Por ello, y ante los actuales “momentos de incertidumbre y polarización”, dentro de una sociedad “marcada por la prisa y el ruido”, González-Campos defendió que “educar no puede consistir únicamente en transmitir contenidos o preparar para un mercado laboral inestable”, sino que debe configurarse como una “brújula ética y humana” en un mundo “cada vez más complejo”.

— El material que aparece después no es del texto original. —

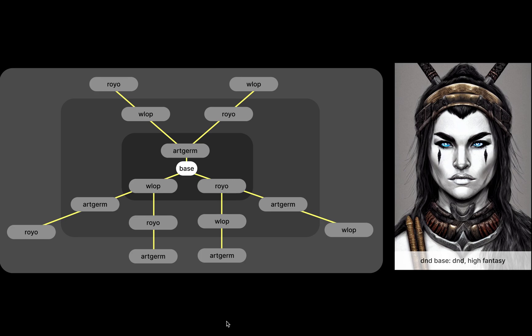I've seen that in Stable Diffusion, people often refer to multiple artists when they're trying to give flavor for their creations. I wanted to understand better what the ordering of those artists does and what happens when you stack a bunch of artists together.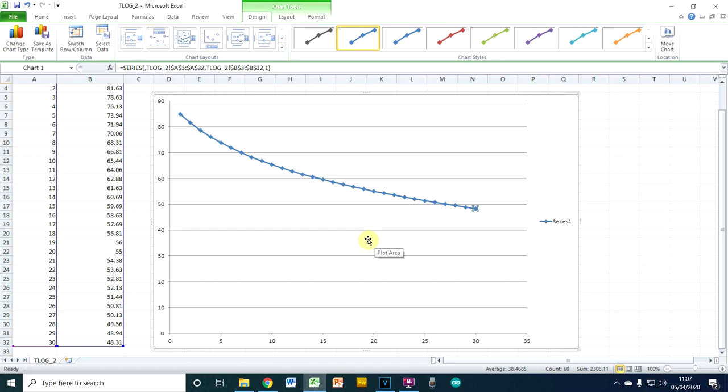So that's it. Easy peasy way of data logging on your Arduino into a format that you can open straight into Excel and get a graph right away in seconds. Hope you've enjoyed that.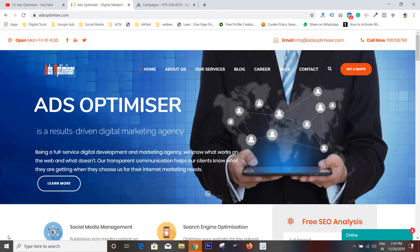Hello friends, this is Sunil from AdsOptimizer. Today we will fix the problem of Google Ads account.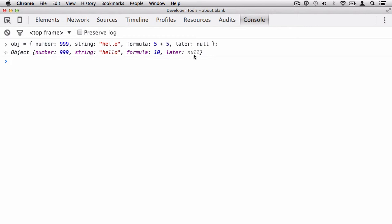So now when I create this object, you'll notice we've created an object with four properties. We have the number property, the string property, the formula property, and the later property, all of which are defined as properties because they contain primitive data. If one of these keywords, one of these keys contained a function, we call it a method. So a key and value pair, and all that key returns is primitive data, we call it a property. If you have a key and value pair where you have the key and the value is a function, we call that key and value pair a method.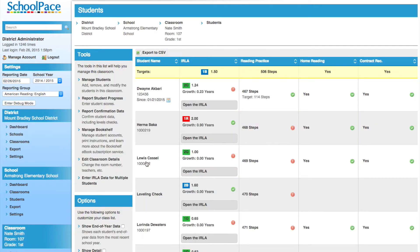On the left-hand side, there is a Tools column. At the bottom of this column, we will see links that allow the teacher to enter EANIL or ERLA data for multiple students.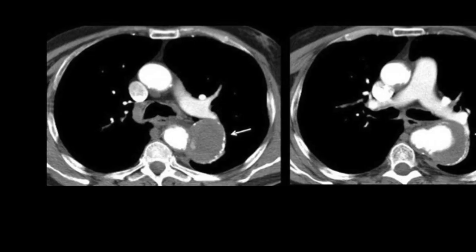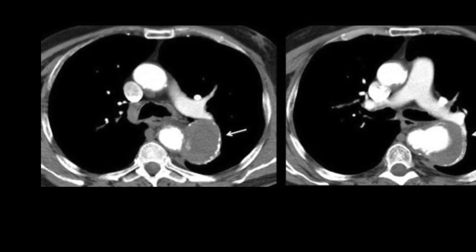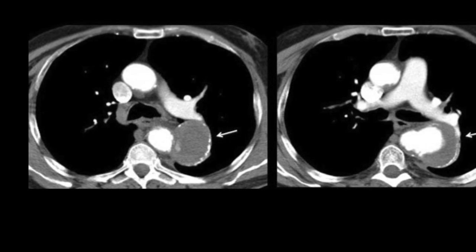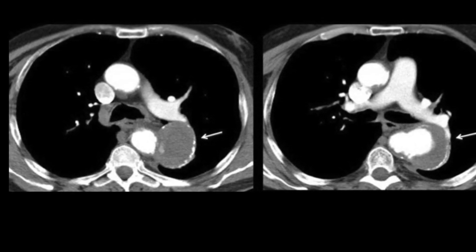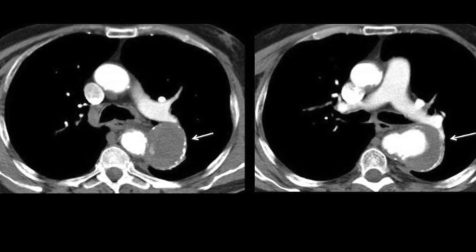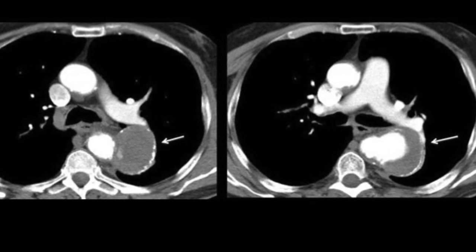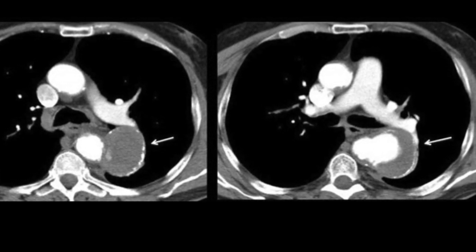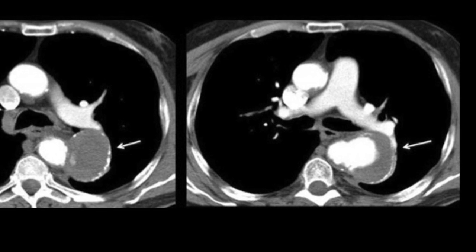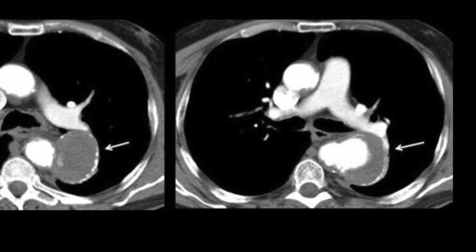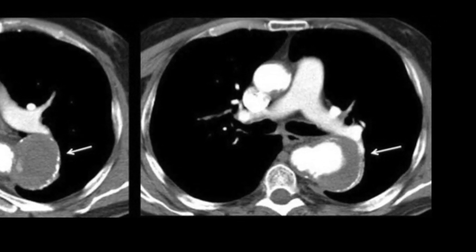On the CT scan of the chest, what we see is a well-defined saccular aneurysm arising from the descending thoracic aorta. You can see it here, clearly defined, with a circumferential thrombus sitting at the periphery of this lesion.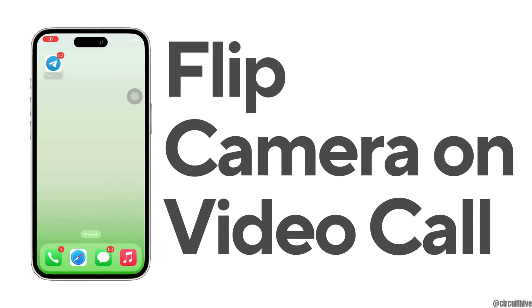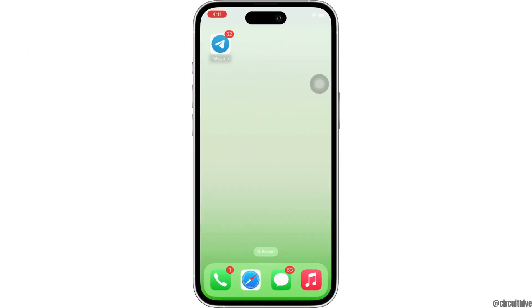How to flip camera on Facebook Messenger video call. Hello everyone, I am Bishaka and welcome to our channel. I will take you through the step-by-step process on how to flip camera on Facebook Messenger video call. Let's get right into the tutorial.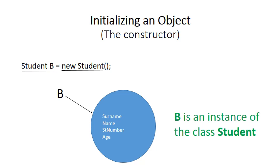Before I discuss the initialization of the attributes of an object, just a quick little revision on the previous video.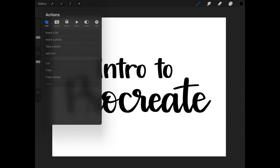Moving into the Actions menu, there's a lot of information hidden in six different tabs, so I'm just going to touch the important ones for now. In the Add tab, you'll use Insert a File and Insert a Photo. I use these a lot for lettering guides — you can find free lettering guides online, put them in here, lower the opacity, and trace to practice your brushstrokes. You can also add text, though I don't use this because adding text in Illustrator is a lot easier. Cut, Copy, and Copy Canvas have finger-tap shortcuts on the screen itself that are much quicker than using this menu.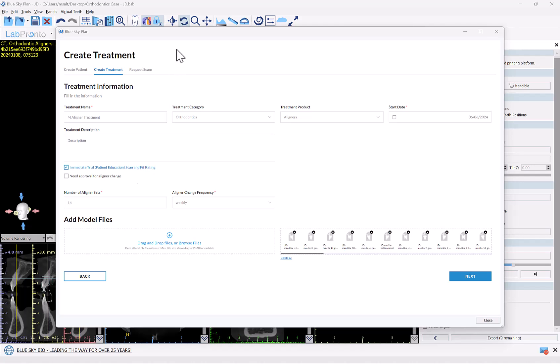This checkbox sends an immediate prompt to the patient to do the first scan. Even if the first scan should be at the end of aligner one in two weeks, it will still send an immediate prompt for an essentially demo educational scan so the patient can be familiar with the scanning process in your clinic. 'Need Approval for Aligner Change' activates a process where the patient won't be told to change their aligners until you review the incoming scans and approve the aligner change — once you provide your approval, the patient receives the notification to change to the next aligner.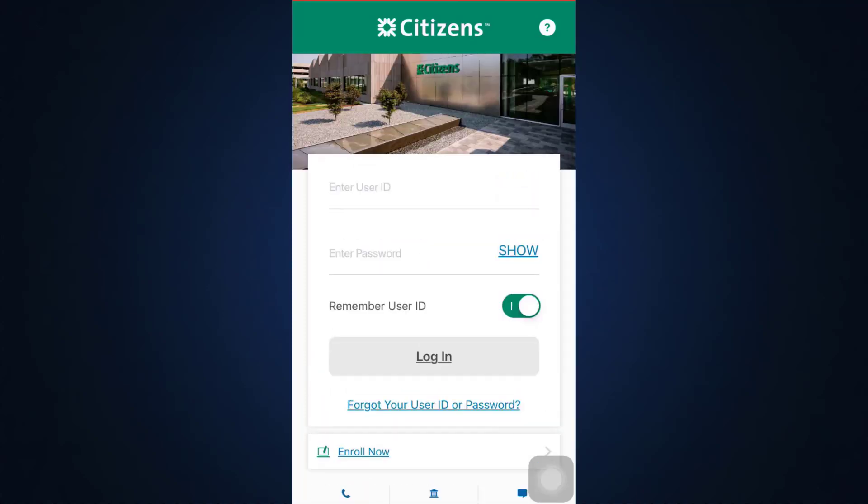After tapping the login button, you will now get directed to the Citizens Mobile Banking account. This is basically how logging into Citizens Mobile Banking works.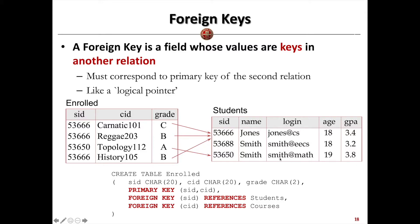We insert this table with some data. We have three students — Jones, Smith, and Smith — with different IDs, different names, login addresses, GPA, and age.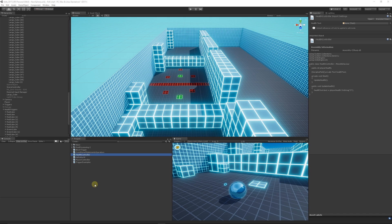Hey guys, welcome to another part of the beginner C# series. We're going to be looking at adding a new game mechanic today — when our health gets to a particular value, i.e. zero, the player is going to die or lose. There's going to be some condition that causes us to lose, and we'll bring up a little pop-up so we can restart the level.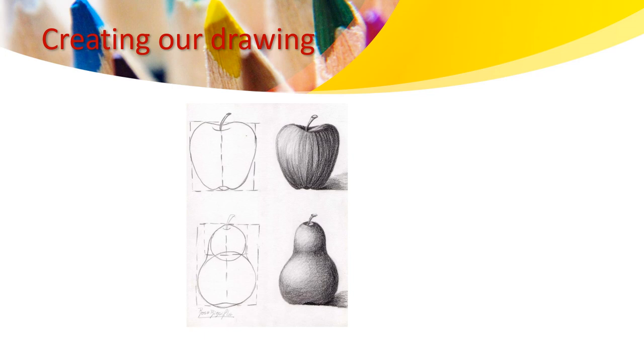We will explore during this class what is a form. So what do you think forms are? What is the difference between a form and 2D shapes? Are they similar? Are they different?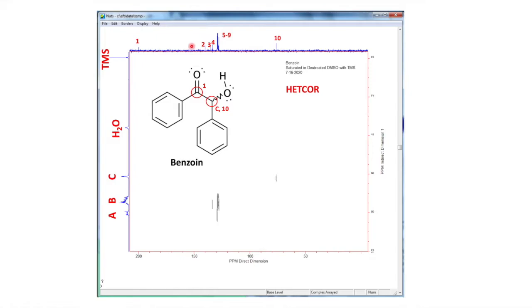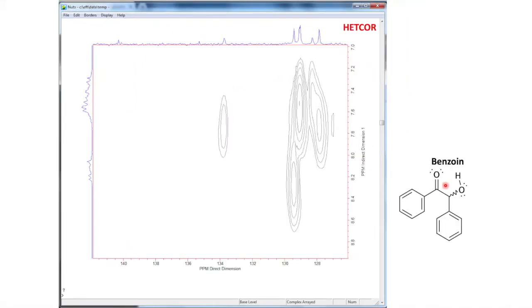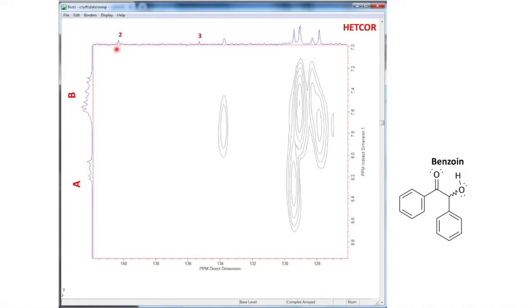I'm going to zoom into this area of the HETCOR. Here it is — benzoin label again, placed off to the side so it doesn't cover any area. This is signal grouping A like we saw before, and B. And now these are carbon signals: two, three, four, five, six, seven, eight, nine.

González-Campos también se refirió a la necesidad de “custodiar a la persona humana en el tiempo de la inteligencia artificial”, para que “sin apartar la tecnología de las aulas”, la escuela se configure como “una comunidad de encuentro” y un espacio “donde más se cuide” el uso “responsable, pedagógico y humanizador” de la tecnología.

“Porque la tecnología no podrá sustituir nunca el vínculo humano”, defendió la presidenta de Escuelas Católicas en Castilla y León, que hizo asimismo un llamamiento a los presentes a convertir los centros de la Federación en “espacios seguros de escucha, acogida y comunidad”, ante un contexto de “deterioro de la salud emocional de niños y jóvenes”.

Finalmente, y como parte del manifiesto leído para cerrar la asamblea de este año, la presidenta de Escuelas Católicas defendió el modelo “plural y abierto, complementario a la educación pública”, de los centros concertados, que garantizan “la libertad de elección de las familias” y que reconoció que han recibido el apoyo de la Junta no solo con financiación, sino con el reconocimiento de la jubilación parcial de los docentes o la extensión de la carrera profesional docente, entre otras materias.

“La escuela católica no educa para competir, sino para vivir con sentido, y ayudar a cada alumno a descubrir quién es”, concluyó Encarna García-Campos, desde el compromiso de Escuelas Católicas de Castilla y León por “trabajar en una educación que acompañe, escuche y transforme, profundamente humana, abierta a todos y comprometida para lograr una sociedad más justa”.